Mathieu Galtier
Africa-Press – CentrAfricaine. Les groupes régionaux se sont durablement installés dans le paysage financier du continent. Ils doivent maintenant monter en gamme pour bénéficier à plein d’un environnement favorable mais fragile.
Jusqu’ici tout va bien. Contrairement au film culte La Haine, de Mathieu Kassovitz, aucune ironie dans ce constat, concernant les groupes financiers panafricains. L’année écoulée a ainsi montré la capacité des banques régionales francophones à se développer et à continuer d’occuper la place vide laissée par le départ des banques de détail européennes. Sur les cinq accords de cession des filiales de Société générale – 6e banque européenne, avec 1 719 milliards de dollars d’actifs – signés ces derniers mois, seule l’entité malgache, reprise par la banque française Bred, a échappé à un groupe africain. La plus grosse part du gâteau, SocGen Maroc, est allée, en avril 2024, à un nouveau venu de poids: l’ancien ministre marocain Moulay Hafid Elalamy, qui a déboursé 745 millions d’euros pour faire partie du club des banquiers continentaux. Preuve que le marché attire.
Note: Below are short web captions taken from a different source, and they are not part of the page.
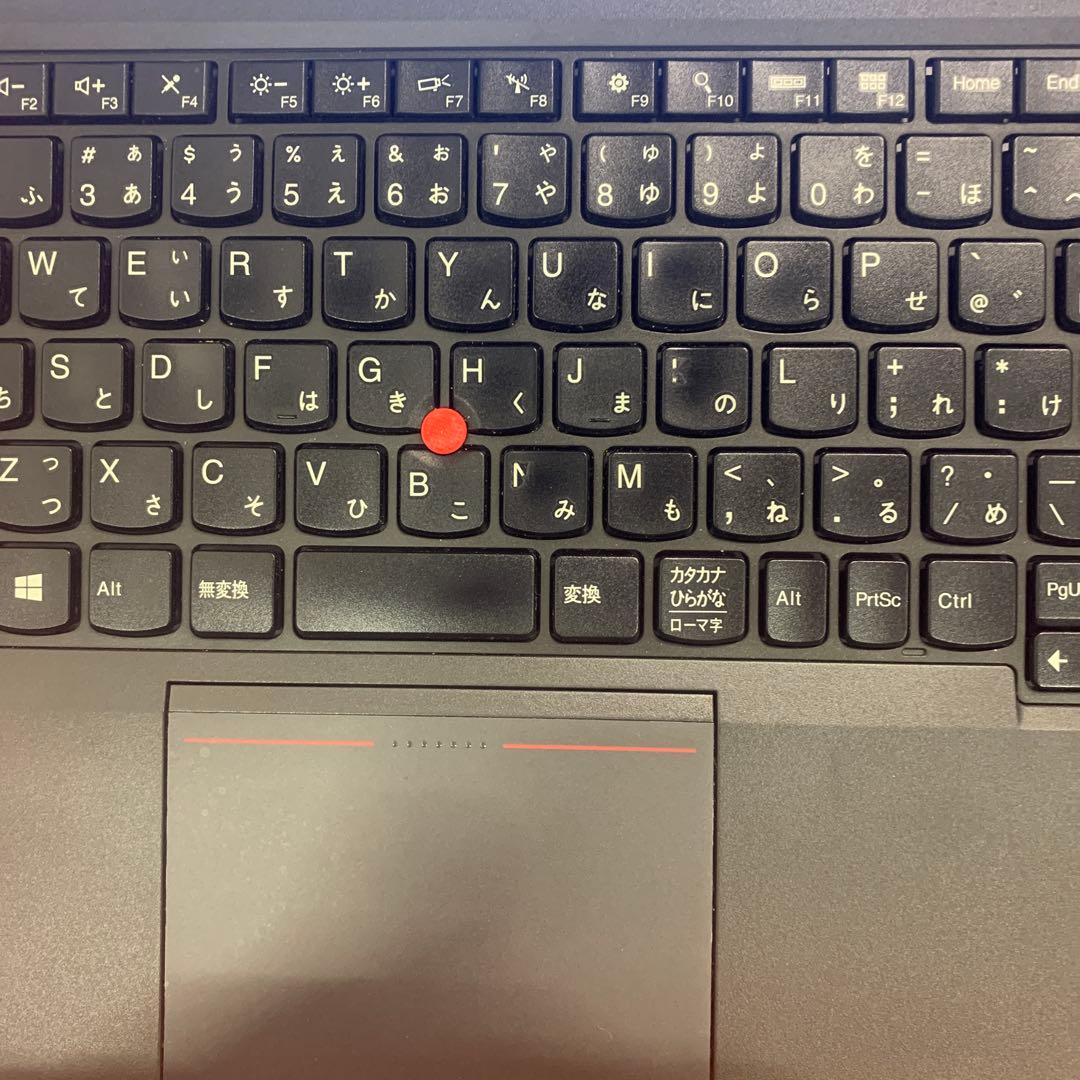 Windows11 ノートパソコン DVD付き爆速SSD搭載 Core i5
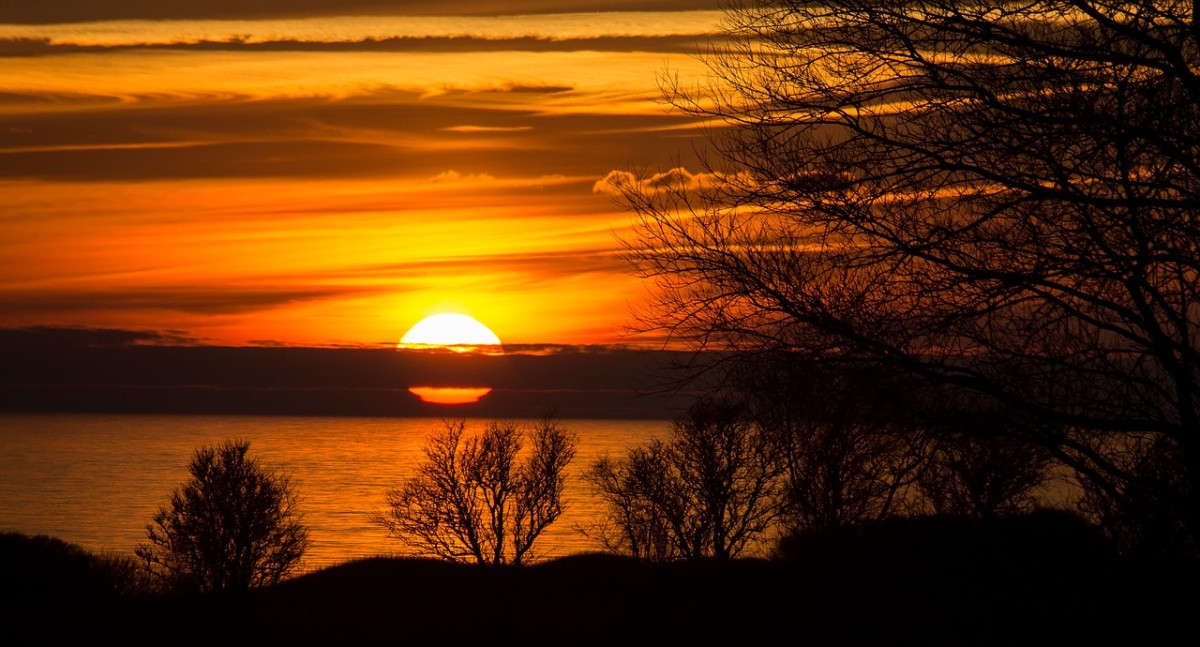 El Real Decreto del autoconsumo eléctrico relanza la energía solar en España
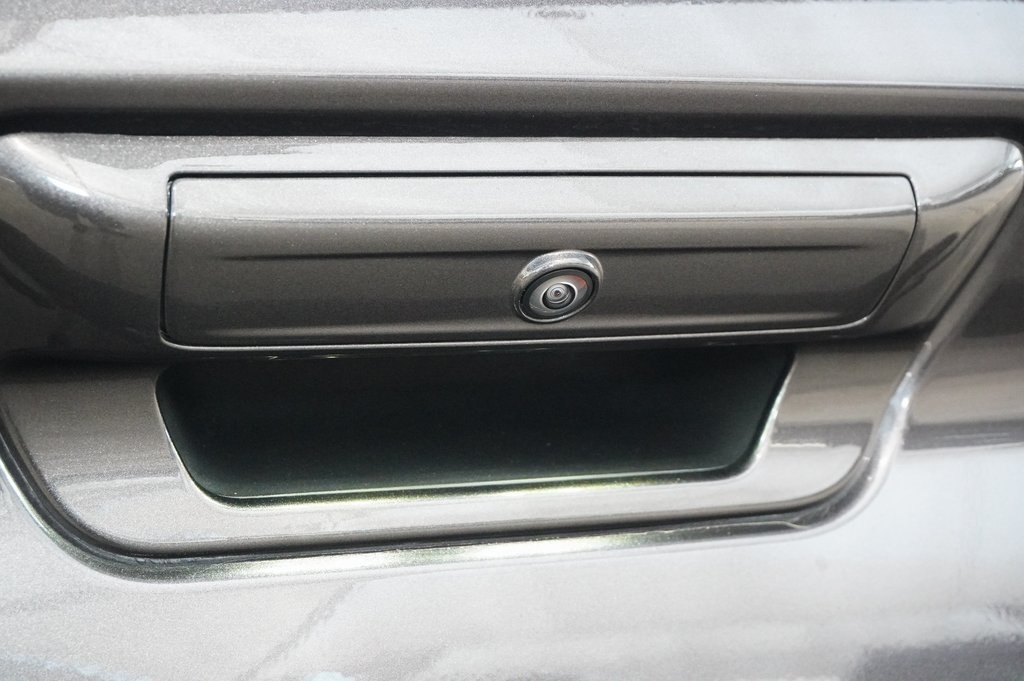 Used Car 2025 Ram 3500  Limited For Sale Under $90,000 In Weatherford, Texas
Même effervescence en Afrique anglophone. En novembre, le groupe britannique Standard Chartered, 14e banque du Vieux Continent avec 828 milliards de dollars d’actifs, a évoqué la possibilité de vendre ses filiales au Botswana, en Ouganda et en Zambie. Aussitôt, l’établissement nigérian Access Bank s’est dit intéressé. Quelques mois plus tôt, le leader bancaire d’Afrique de l’Ouest dirigé par Roosevelt Ogbonna avait déjà acquis les filiales en Angola et en Sierra Leone, et est en passe d’ajouter celles du Cameroun, de la Gambie et de la Tanzanie à son escarcelle. Le géant pourrait même débarquer au Maroc.
Banques sans frontières
La consolidation de ces groupes tend d’ailleurs à effacer les distinctions régionales sur le secteur. Au Sénégal, la Compagnie bancaire de l’Afrique occidentale (CBAO), filiale du marocain Attijariwafa Bank, est la première banque du pays après le retrait de Société générale. En sens inverse, le kényan Equity Bank est le deuxième établissement financier en RD Congo. Le Togolais Ecobank est, lui, présent dans 33 pays du continent, avec 96 % de ses actifs se trouvant en dehors de son pays de résidence, et un principal actionnaire venu d’Afrique du Sud, Nedbank. Essentiellement soutenu par les banques centrales des pays de la zone ouest-africaine (UEMOA), le Système panafricain de paiement et de règlement (PAPSS), porté par Afreximbank et le secrétariat général de la Zone de libre-échange continentale africaine (Zlecaf), a vu arriver le renfort, en mars, des plus importantes banques du Kenya, KCB, et du Rwanda, Bank of Kigali.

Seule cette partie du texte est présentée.